8.      The applicant contends that he had a period of 23 years credit contributions in Italy and when combined with his 12 years of Australian residency made a total of 35 years residency in Australia.

9.      Such an interpretation of the legislation is clearly incorrect and would provide a result placing the applicant in a better position than an Australian resident.

10.     The applicant has misinterpreted the provisions of Article 7 which refer to the minimum period required to qualify for the pension and that a period of credited contributions shall be deemed “only for the purposes of meeting any minimum qualifying period for that benefit set out in the legislation of Australia…”.

11.     Whilst the applicant did not meet the qualifying requirement of 25 years of Australian residence to be eligible for a full pension, the provisions of Article 8 of the International Agreement allow for the payment of pro rata benefits.   Article 8 states that the rate of that benefit shall be determined according to the legislation of Australia.    Article 8 provides that certain components of a social pension paid by Italy shall be disregarded in assessing the person’s income for the purposes of calculating their rate of Australian benefit.

12. The definition of “income” under s8 of the Act includes income amounts derived by the person for the person’s own benefit received from any source (whether within or outside Australia).

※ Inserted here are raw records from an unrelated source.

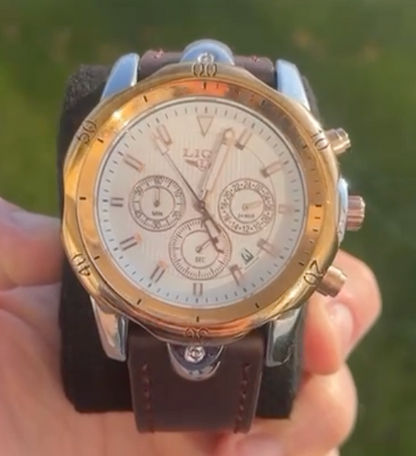 ساعة lige الاصدار الابيض والذهبي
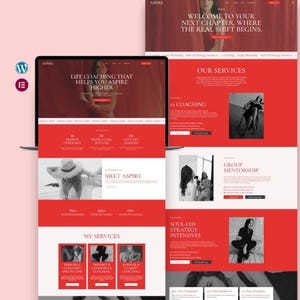 Può includere: Un design di sito web con una combinazione di colori rosso e bianco, che presenta servizi di life coaching. Lo schermo principale mostra il testo "LIFE COACHING THAT HELPS YOU ASPIRE HIGHER." Altri schermi mostrano "OUR SERVICES" e "WELCOME TO YOUR NEXT CHAPTER."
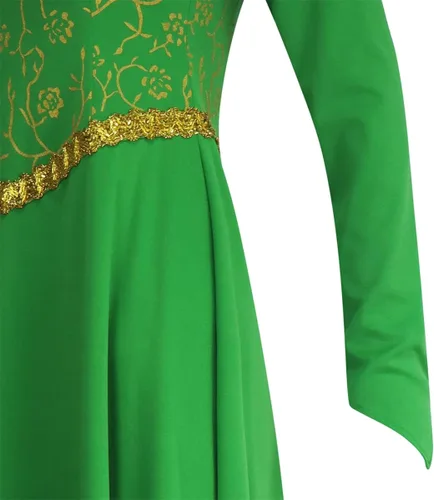 Vista 5 de Adult Fiona Costume Dress Cosplay Princess Dress for Women Long Sleeve Gown Halloween with Headgear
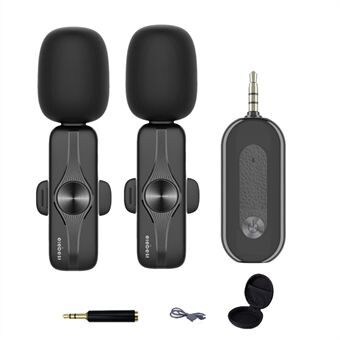 ELEBEST M3x 2.4GHz Wireless Lavalier Microphone Noise Reduction Lapel Recording Mic (1 Receiver+2 Microphones)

The applicant’s superannuation pension paid by the German Democratic Republic was held by the Tribunal to be income derived by the applicant in the decision, Re Rose and Secretary, Department of Social Security (1989 17 ALD 615.

13.     It was submitted of behalf of the respondent that the applicant is currently in receipt of an INPS pension of 402,12 Euro each month and of this, 398,48 Euro is the contributory component, i.e. not an exempt component and the balance is the social supplement.   It was pointed out that only the contributory component is taken into account in determining the applicant's income.

14.     The Tribunal was referred to T11, page 65, a letter from the E Addison, Customer Service Officer, Centrelink dated 9 November 2001 addressed to the applicant which sets out how the applicant’s reduced pension was calculated.   It appears that only a very small portion of the applicant’s INPS pension has been taken into account in assessing the applicant’s income for the purposes of determining his rate of age pension.

15. The Tribunal is satisfied that the calculations have been done in accordance with the applicable pension rate calculator in the Act on the basis of the applicant’s Australian residence namely, 146 months.

16.     The Tribunal is satisfied that the rate of pension being paid to the applicant is in accordance with the applicable legislation as outlined above.   The Tribunal accordingly dismisses the appeal and affirms the decision under review.

I certify that the 16 preceding paragraphs are a true copy of the reasons for the decision herein of Ms A F Cunningham (Part-time Member)

Signed: (K L Miller, Administrative Assistant)      

Date/s of Hearing  Matter decided on the papers.